Me refiero, por supuesto, a aquellas mayorías que han puesto en el poder a personajes tan siniestros como los mencionados. Y es que no se puede soslayar que, juntos, los Estados Unidos y Rusia aglutinan a 477 millones de individuos, muchos de los cuales idolatran a Putin y a Trump por igual.
Los “lobos con piel de oveja”, como describen las sagradas escrituras a los falsos profetas de los tiempos postreros, parecieran haber sido concebidos en el ámbito de la posverdad. O, como diría don Ramón de Campoamor en su emblemático poema: “Y es que en el mundo traidor / nada hay verdad ni mentira: / todo es según el color / del cristal con que se mira”.

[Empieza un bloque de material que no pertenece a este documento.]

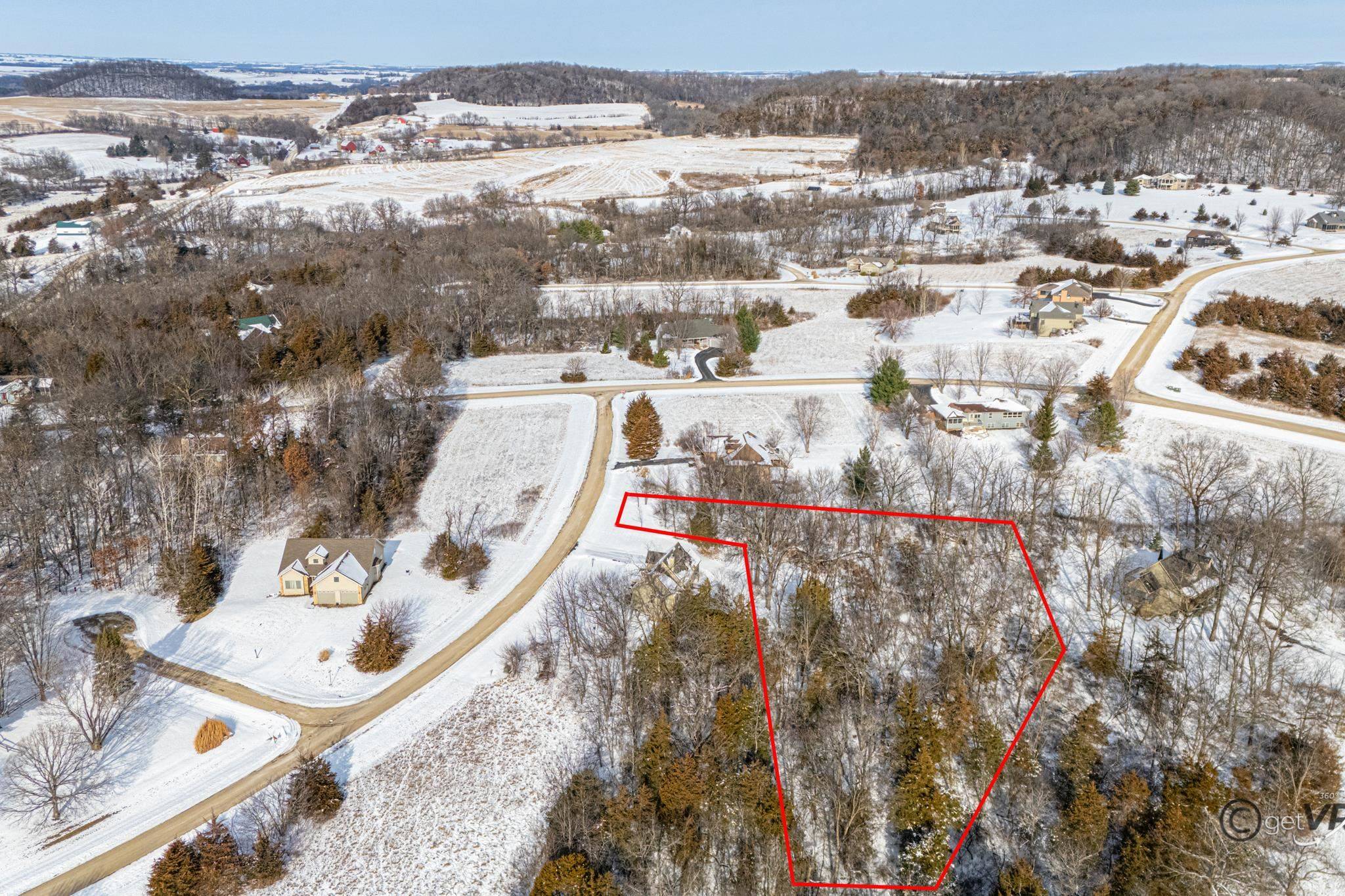 6 Bayberry DR, Galena, IL 61036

Francisco Franco, el dictador hispano, es otro de los oportunistas que militan en la liga de los devaneos de grandeza. Así lo demuestra la frase groseramente narcisista que hizo inscribir en las monedas de la España del nacionalcatolicismo: “FRANCISCO FRANCO CAUDILLO DE ESPAÑA POR LA G. DE DIOS”. Por la gracia de Dios, como si El Divino hubiese tenido la inconcebible ocurrencia de depositar en los hombros del “generalísimo” tan honrosa distinción.
¿Y qué decir de la osadía de Napoleón Bonaparte, cuando en 1804 se coronó a sí mismo como emperador de Francia, colocando así a la Iglesia y a la aristocracia de rodillas ante su poder desmedido?
El fenómeno aquí ilustrado, mediante el cual un ser humano, por lo demás común y corriente, tramposamente se empeña en legitimarse con una falsa aura de divinidad, tiene un nombre. Los sociólogos le llaman reificación.
“La reificación -señalan Berger y Luckmann- es la aprehensión de fenómenos humanos como si fueran… el resultado de leyes cósmicas o manifestaciones de la voluntad divina… El orden total de la sociedad puede concebirse como un microcosmos que refleja el macrocosmos del universo total como creación de los dioses”. O, para decirlo más chabacanamente, ¡qué afán de este trío de sátrapas de involucrar a diosito en sus cochinos asuntos!
Referencia bibliográfica: Peter Berger y Thomas Luckmann (1968). La construcción social de la realidad. Buenos Aires: Amorrortu, p. 114.